### Requirement
Everything in the records except the pictures should come back exactly as written.

### Source material
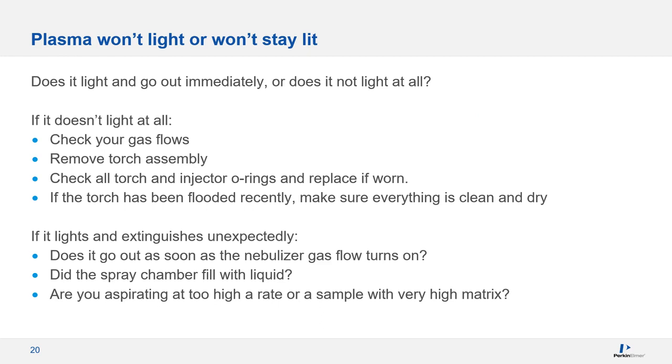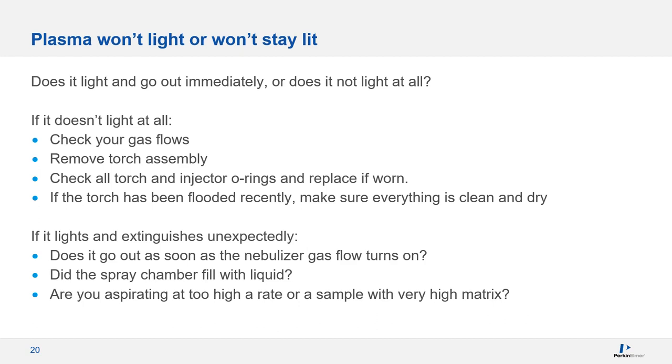Another common issue is when your plasma either goes out unexpectedly or won't even light in the first place. So, what are some common things that might cause that? First, it's important to distinguish which issue we're talking about. If your plasma doesn't light at all, it's possible that gas flows aren't correct or perhaps the argon isn't flowing because the tank is empty or a valve is off. An air leak can also keep the plasma from igniting. This can happen if a connection isn't tight or if O-rings need replacing. Also, if the torch has been recently flooded or cleaned, any residual liquid will cause problems with ignition.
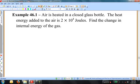Example 46.1. Air is heated in a closed glass bottle. The heat energy added to the air is 2 times 10 to the 4 joules. Find the change in internal energy of the gas.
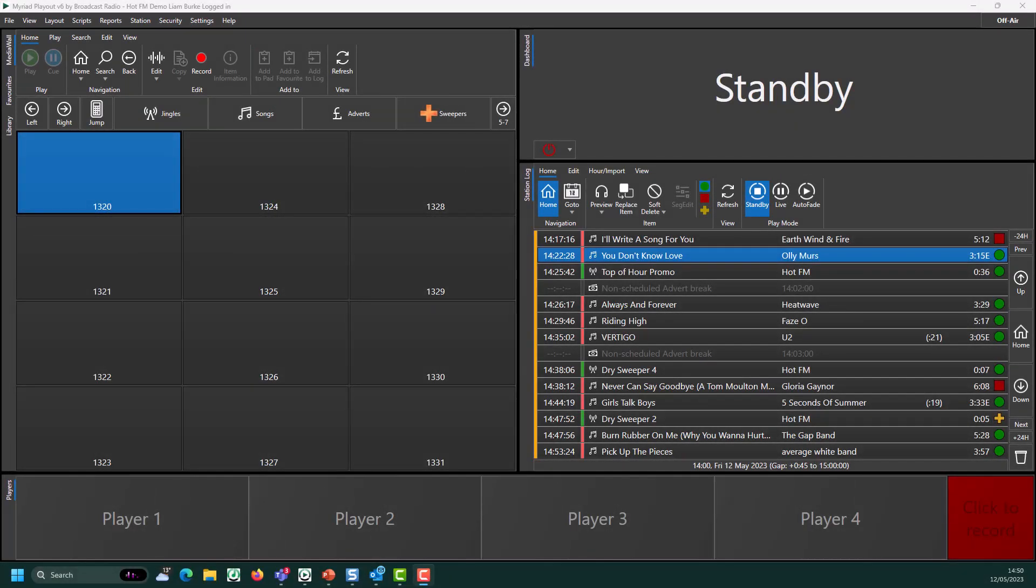Command Media Items are an advanced type of media item that can be used to interact with third-party software and hardware, or automate processes in Myriad using the macro language.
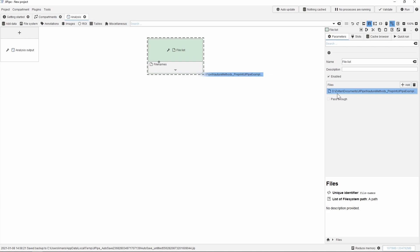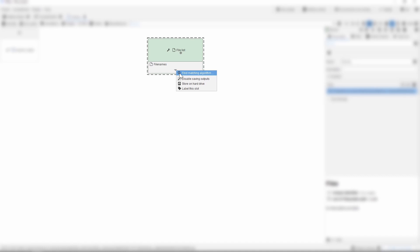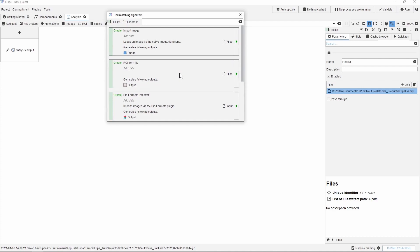We now have to convert our file path into an image, which is then accomplished by another node called Import Image. You will find all available nodes via the menu or the search bar. If you are not familiar with the Jipipe nodes, you can use the algorithm finder. This will list all the compatible processing steps for a specific output. This list will then reveal all the available options and the top choice is the Import Image node.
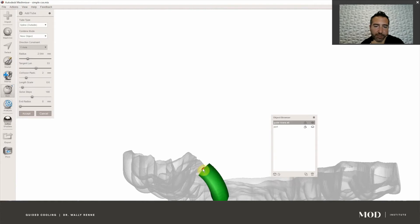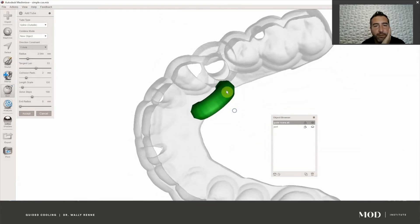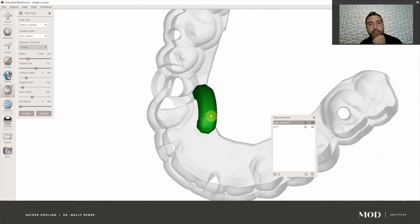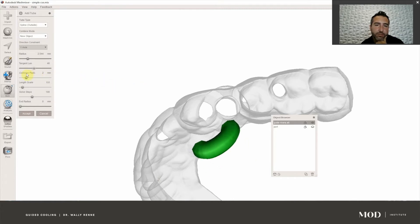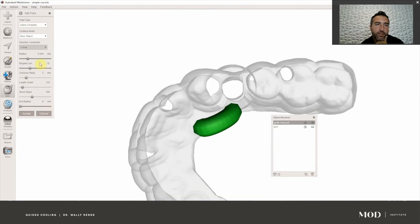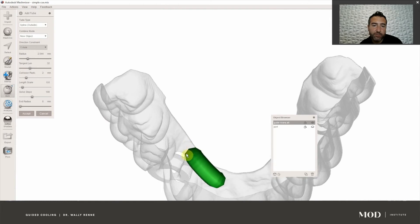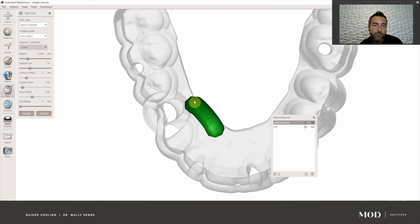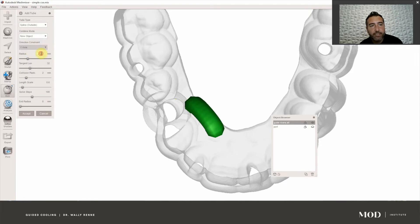We want it coming out below our sleeve housing — you've got to click right on that red ball. The issue is it's a little tall, and the way you change the arc of this curve is this tangent line. You can make it really tall like a rainbow or bring it down. I'm going to bring it down just a little bit and hit X. That's a good spot — we have a start point which doesn't matter where it starts, but the end point is right apical to the sleeve housing on the guide. Now we have the combine mode — we can do boolean, append, or new object.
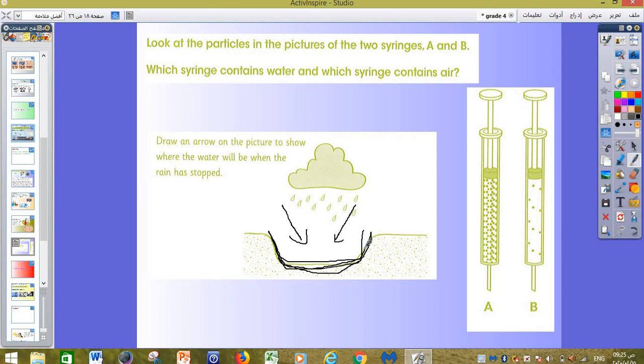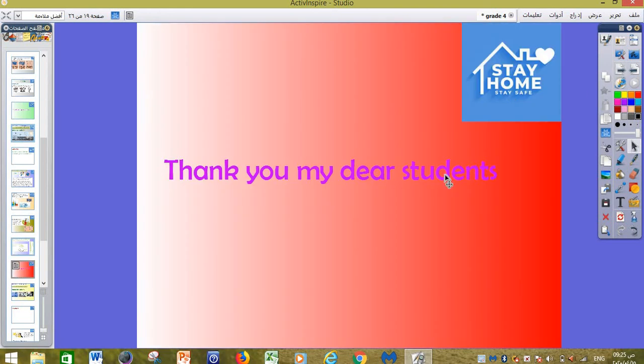Thank you so much for your attention. Wishing you all happiness, inshallah. Thank you.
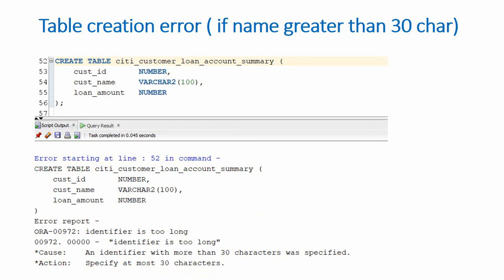But from 12.2 onwards, Oracle allows developers to create object names more than 30 characters. Let us first try to create a table, then we will see the technicalities associated with that.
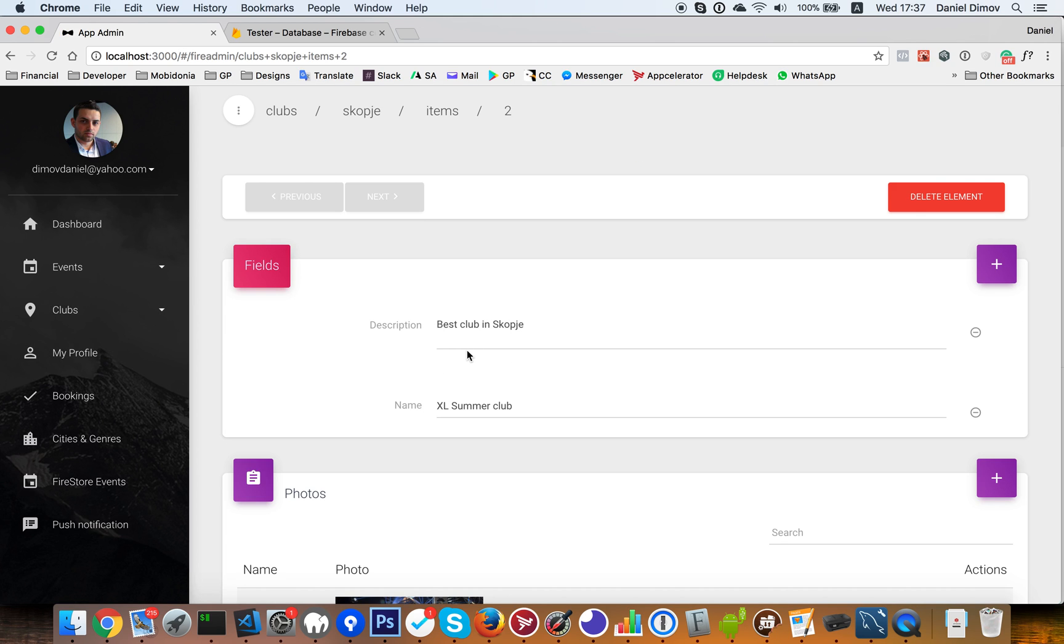So these four new things are available in version 5.0. You can check it on CodeKenya. Thanks for watching. Bye-bye.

### Response
Another common issue is when your plasma either goes out unexpectedly or won't even light in the first place. So, what are some common things that might cause that? First, it's important to distinguish which issue we're talking about. If your plasma doesn't light at all, it's possible that gas flows aren't correct or perhaps the argon isn't flowing because the tank is empty or a valve is off. An air leak can also keep the plasma from igniting. This can happen if a connection isn't tight or if O-rings need replacing. Also, if the torch has been recently flooded or cleaned, any residual liquid will cause problems with ignition.
Example 46.1. Air is heated in a closed glass bottle. The heat energy added to the air is 2 times 10 to the 4 joules. Find the change in internal energy of the gas.
Command Media Items are an advanced type of media item that can be used to interact with third-party software and hardware, or automate processes in Myriad using the macro language.
We now have to convert our file path into an image, which is then accomplished by another node called Import Image. You will find all available nodes via the menu or the search bar. If you are not familiar with the Jipipe nodes, you can use the algorithm finder. This will list all the compatible processing steps for a specific output. This list will then reveal all the available options and the top choice is the Import Image node.
We want it coming out below our sleeve housing — you've got to click right on that red ball. The issue is it's a little tall, and the way you change the arc of this curve is this tangent line. You can make it really tall like a rainbow or bring it down. I'm going to bring it down just a little bit and hit X. That's a good spot — we have a start point which doesn't matter where it starts, but the end point is right apical to the sleeve housing on the guide. Now we have the combine mode — we can do boolean, append, or new object.
Thank you so much for your attention. Wishing you all happiness, inshallah. Thank you.
But from 12.2 onwards, Oracle allows developers to create object names more than 30 characters. Let us first try to create a table, then we will see the technicalities associated with that.
So these four new things are available in version 5.0. You can check it on CodeKenya. Thanks for watching. Bye-bye.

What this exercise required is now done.